» **Source material**:

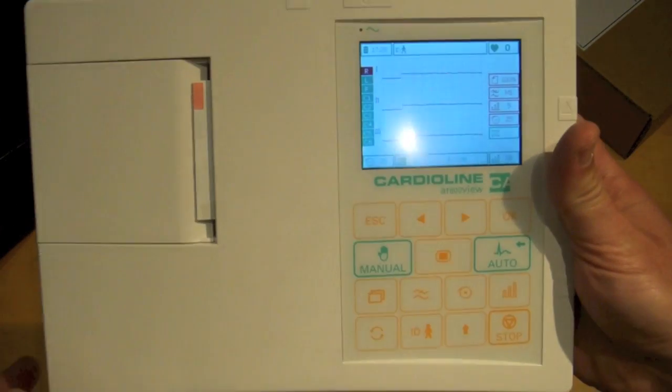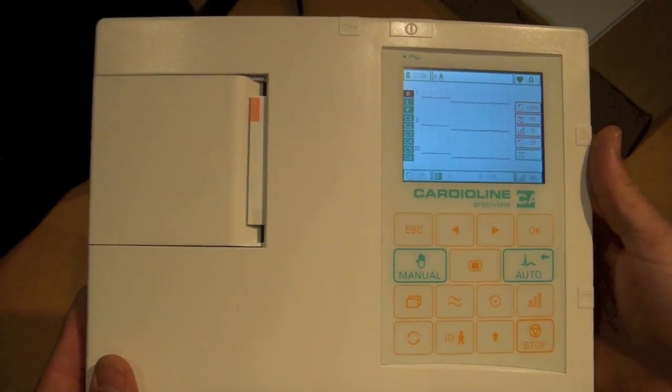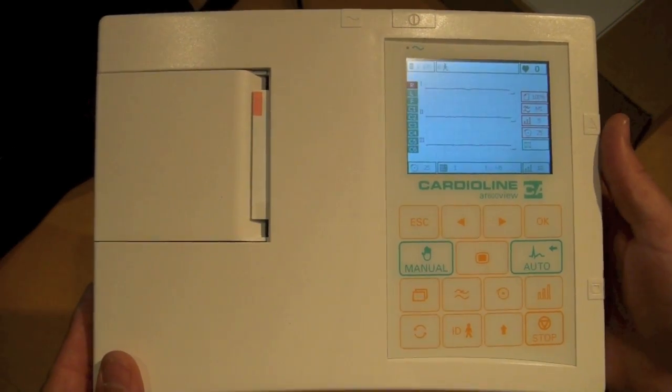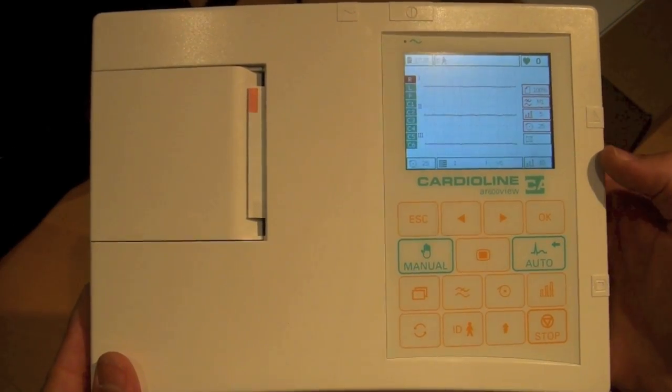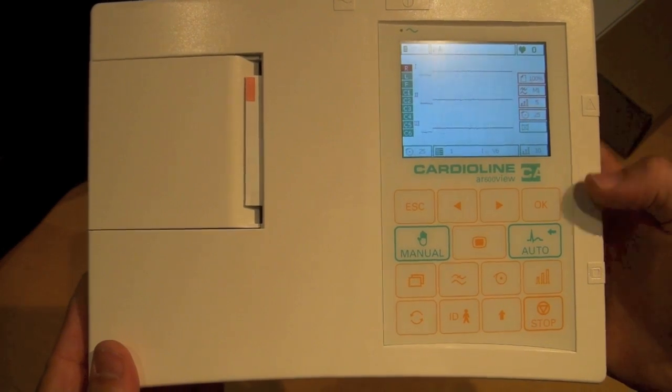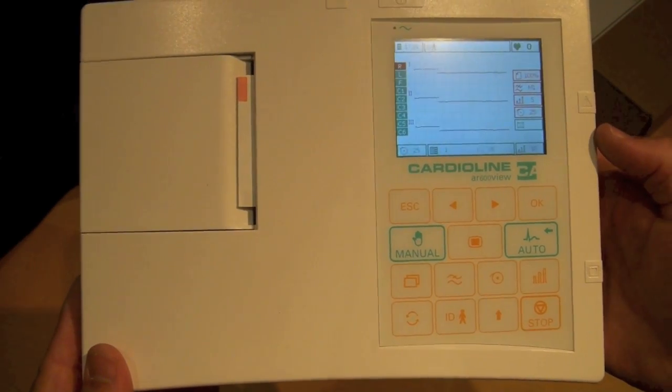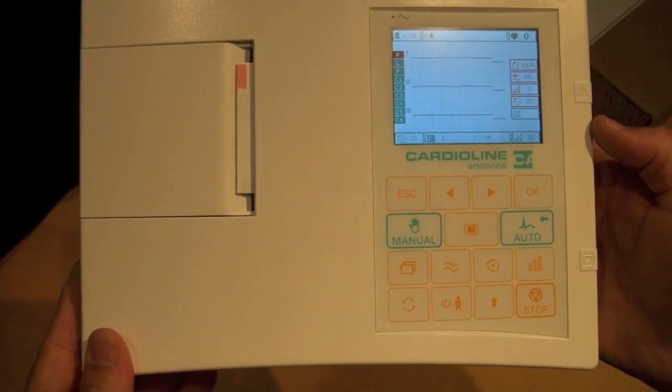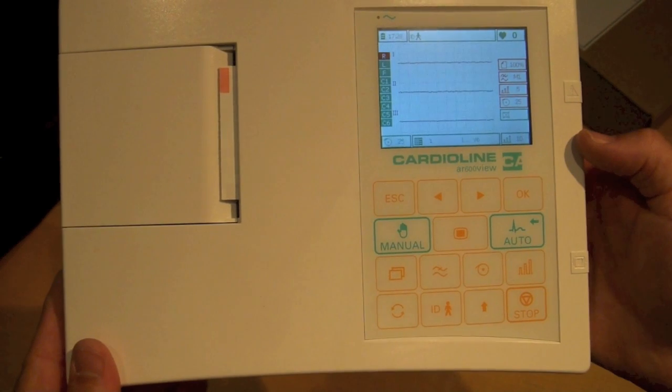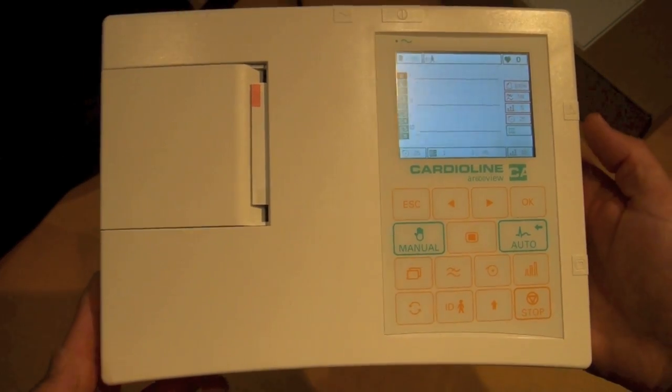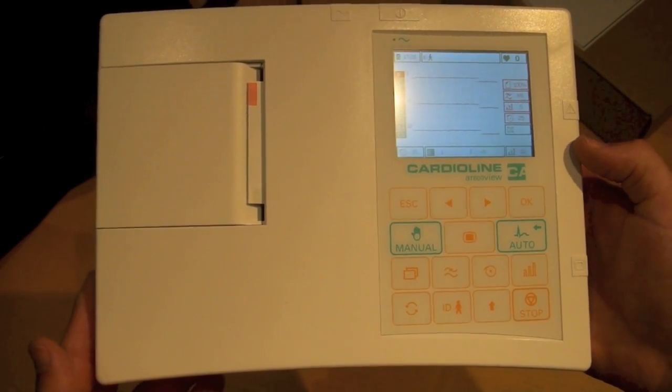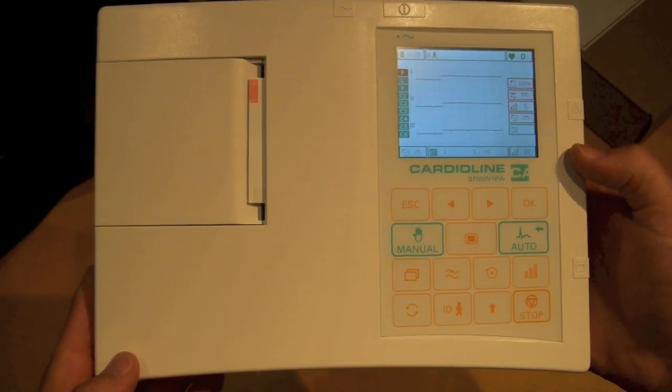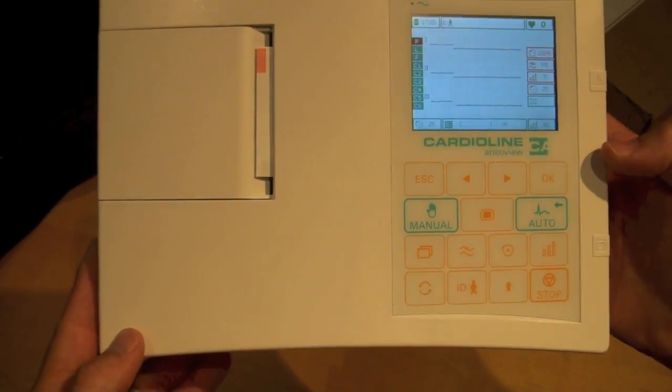So picking up the unit here, it's very easy to use. You can enter patient data if you want to. You can just perform a stat ECG by hitting the auto or manual button. You have all your typical controls for a small ultra-portable 3-channel machine. All of these machines do come with a 3-year warranty, color screen.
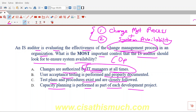Option C — test plans and procedures exist and are closely followed — is the right option. When you are doing testing, you can check what the reaction on the system will be because of that particular change. After applying the change, what will be the impact on the system? Whether it is running properly, whether it is having issues — downtime, crashes, bugs. Testing is going to help you identify that, and that's the most important control.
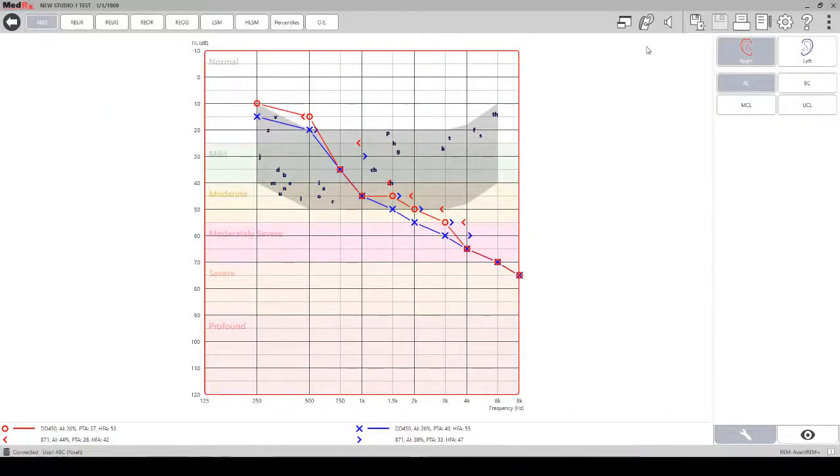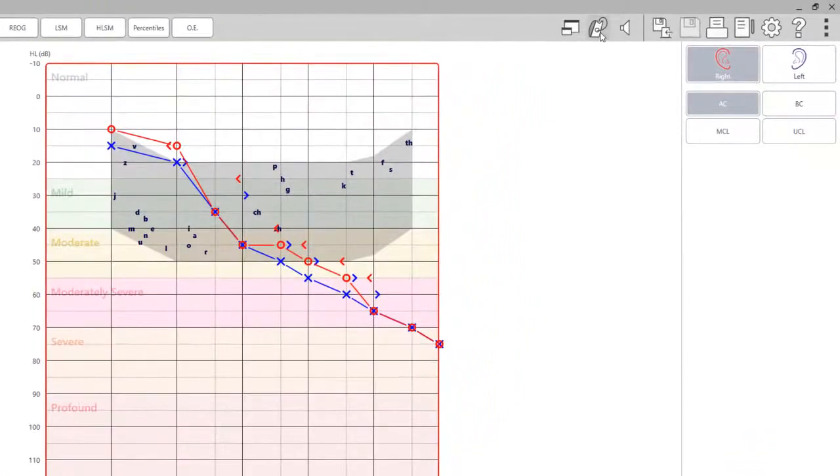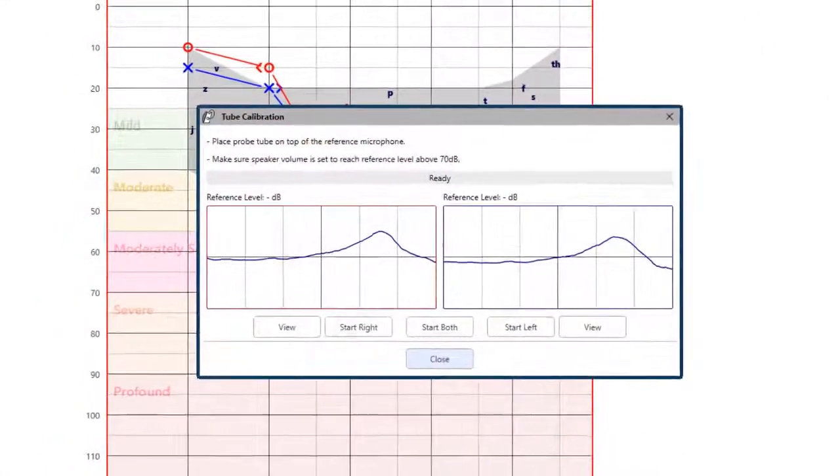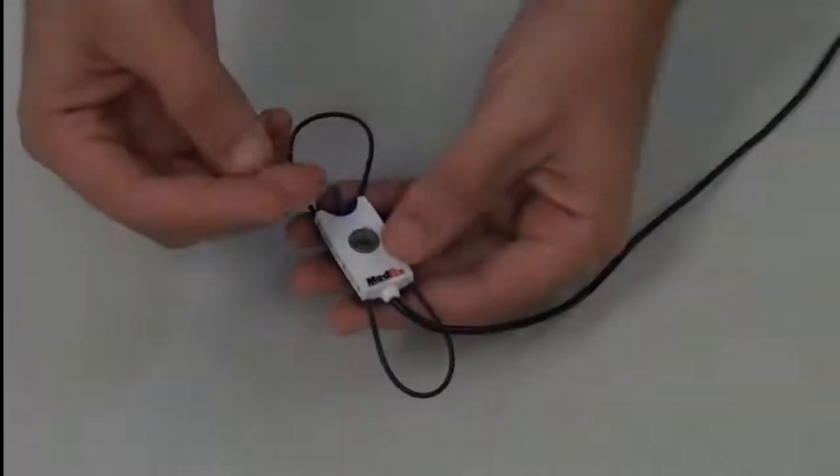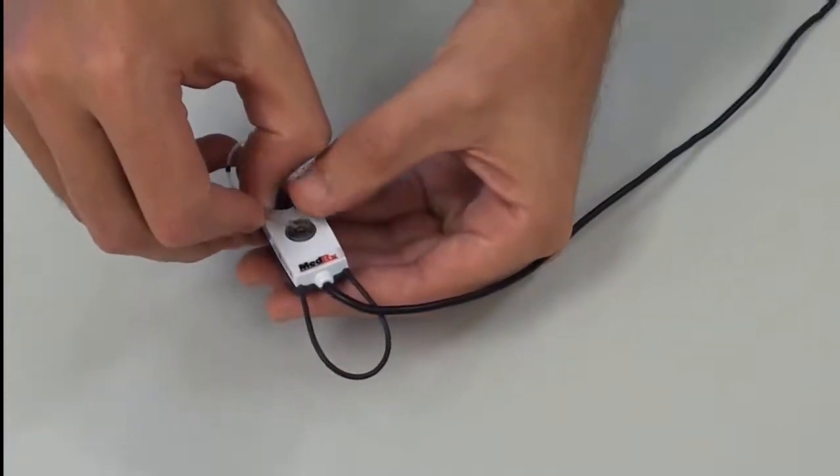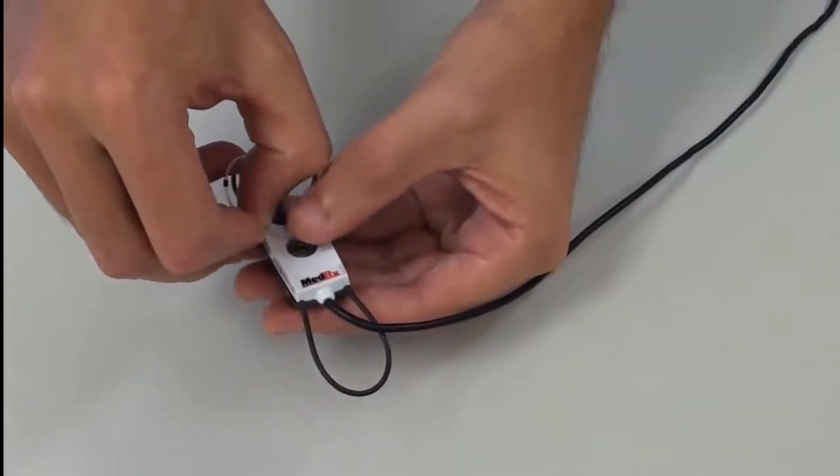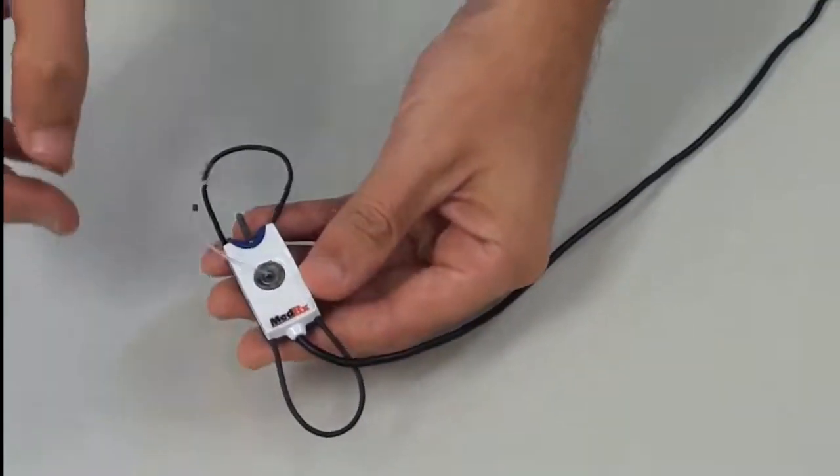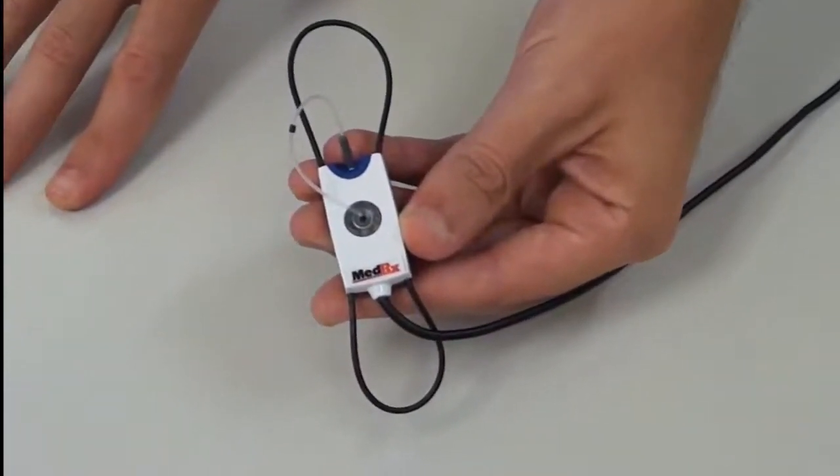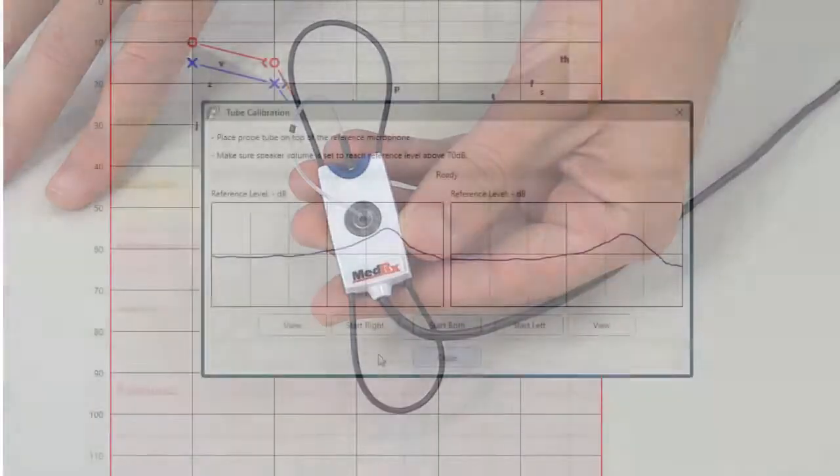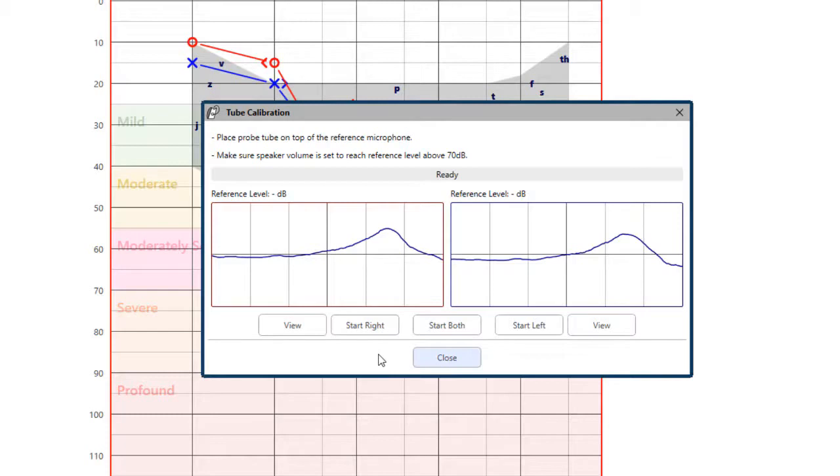To calibrate the probe tube, click on the probe tube calibration icon at the top of the screen. Place the probe tube between the calibration nibs on your reference microphone. Be sure that the opening of the probe tube is centered on the opening of the reference microphone. You can choose to calibrate the probe tubes individually or both at the same time. When you start the calibration, you will hear the calibration noise from the speakers.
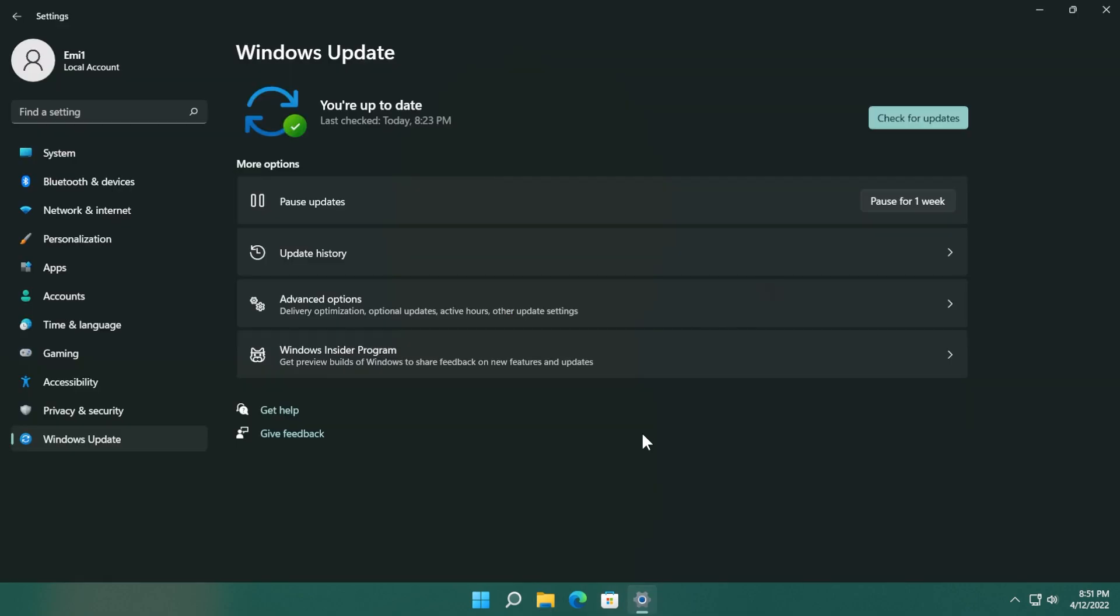And also in this update, as always, we have a servicing stack update. Basically the servicing stack is the component that installs Windows updates. These updates ensure that you have a robust and reliable servicing stack so that your devices can receive and install Windows or Microsoft updates.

» **Problem to work on**: Without the pictures, repeat the listing word for word.

» **Response**:
So picking up the unit here, it's very easy to use. You can enter patient data if you want to. You can just perform a stat ECG by hitting the auto or manual button. You have all your typical controls for a small ultra-portable 3-channel machine. All of these machines do come with a 3-year warranty, color screen.
Option C — test plans and procedures exist and are closely followed — is the right option. When you are doing testing, you can check what the reaction on the system will be because of that particular change. After applying the change, what will be the impact on the system? Whether it is running properly, whether it is having issues — downtime, crashes, bugs. Testing is going to help you identify that, and that's the most important control.
To calibrate the probe tube, click on the probe tube calibration icon at the top of the screen. Place the probe tube between the calibration nibs on your reference microphone. Be sure that the opening of the probe tube is centered on the opening of the reference microphone. You can choose to calibrate the probe tubes individually or both at the same time. When you start the calibration, you will hear the calibration noise from the speakers.
And also in this update, as always, we have a servicing stack update. Basically the servicing stack is the component that installs Windows updates. These updates ensure that you have a robust and reliable servicing stack so that your devices can receive and install Windows or Microsoft updates.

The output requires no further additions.